• _Task statement_:
Without the pictures, write out all the lines below exactly as they appear.

• _Input data_:
◆ ◆ ◆

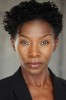 Jeryl Prescott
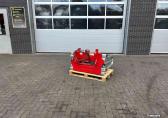 Kemp BKS 2200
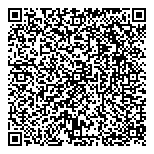 QR код "Алтек"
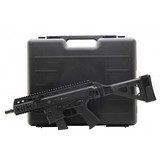 "B&T APC10 10mm (PR53882)" - 2 of 3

◆ ◆ ◆

• _Exercise output_:
 Jeryl Prescott
 Kemp BKS 2200
 QR код "Алтек"
 "B&T APC10 10mm (PR53882)" - 2 of 3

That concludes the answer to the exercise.